I’m nearsighted; and my depth perception gets a bit imaginative when I’m not wearing glasses or contact lenses. These facts should have been noticeable when I was very young. Seriously, I was the only kid in our family who couldn’t get a bat to touch a ball. While living in the Dominican Republic, we played baseball nearly every afternoon.
I felt left out.
In third grade a friend let me borrow his glasses. I hesitated because the glasses were big, brown and a great picture of ugly. I wanted to be nice to him, so I put the spectacles on. For the very first time in my life, I saw beautiful sharp letters on the green chalkboard of our classroom. I asked the boy if I could take the glasses home for a day, and he said yes. (Now I hope he had another pair at home, for his vision was as terrible as mine.)
I got home and showed my mother. I told her that I was able to read the chalkboard, and that I wasn’t stupid or shy. I just needed glasses to see far. My mother decided that I “just wanted glasses to show off.” The chalkboard at school and anything that existed, more than a couple of feet away from me, remained blurry until I was sixteen-years-old and my father took me to the ophthalmologist.
Sixteen years not experiencing the world like everyone else, and feeling like an outsider, is a long time. I will always wonder if my life would have been different, or maybe better, had I had glasses when I was a child. What did I miss doing? What didn’t I share with others? What didn’t I see?
These blurry thoughts come to mind when I think about Tori’s blogging experience. Tori is one of my sweetest witchy darling friends. She loves to write, to read, and to share life experiences through blogging.
Tori is blind.
Her loss of sight didn’t quite register with me. Tori is so active, and sees so much in everything that her blindness rarely shows. Then I installed Disqus on my blog. My friend got a hold of me and said JAWS, her screen reader, didn’t work with my new comment system. She could no longer be part of the conversation. That bothered me a lot.
I noticed others stopped commenting, too—more than fifteen Wicked Darlings. I worried a bit and contacted them. They were also blind, but I didn’t know. Most of these darlings have been interacting via email. Yep, they send me their comments and I load them, so that they can be part of the entire conversation. I will continue to do this for as long as it is possible, but I would prefer for Disqus to start working for the blind.

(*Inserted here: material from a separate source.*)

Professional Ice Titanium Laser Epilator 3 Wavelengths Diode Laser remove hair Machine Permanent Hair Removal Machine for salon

Someone out there is probably saying, “Well, if you dislike Disqus so much, why don’t you just go back to the Blogger comment system, Magaly dearest?”

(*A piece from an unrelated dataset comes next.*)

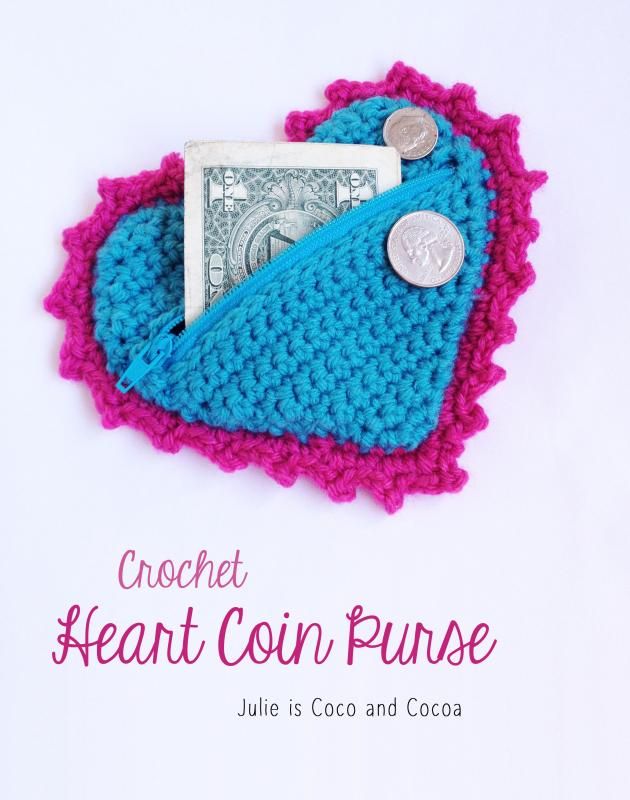 Crochet Heart Coin Purse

Valid question, my luvs; but the thing is that I LOVE Disqus. I enjoy having threaded comments, and Blogger doesn’t offer that. Also, there are many Wicked Darlings who don’t have—or want—Google accounts. I don’t want to lose their input.
I have sent messages to Disqus, and one of their representatives has promptly replied through Twitter. I’ll continue to gather information, and publish it in posts like “Disqus and JAWS,” to give the problem some visibility. I’m asking for your help, too, especially if you are a blind blogger who can explain this better than I can. Would you post about any issues you’ve encountered, and then contact Disqus? Here is their information:
Email – firstname.lastname@example.org
Tweet – @Disqus
Facebook – http://www.facebook.com/disqus
If you use Blogger or any other comment system, there are other ways you can help a blind blogger friend. Remove Word Verification, if you have it. This post explains how. Most screen readers have problems translating these types of visual messages. Read “Blind Ignorance” for other ways to make your blog more accessible to the blind community.
Thanks in advance, my Luvs, for any changes you make keeping the blind blogging community in mind. This means the world to me, to Tori, and to many others.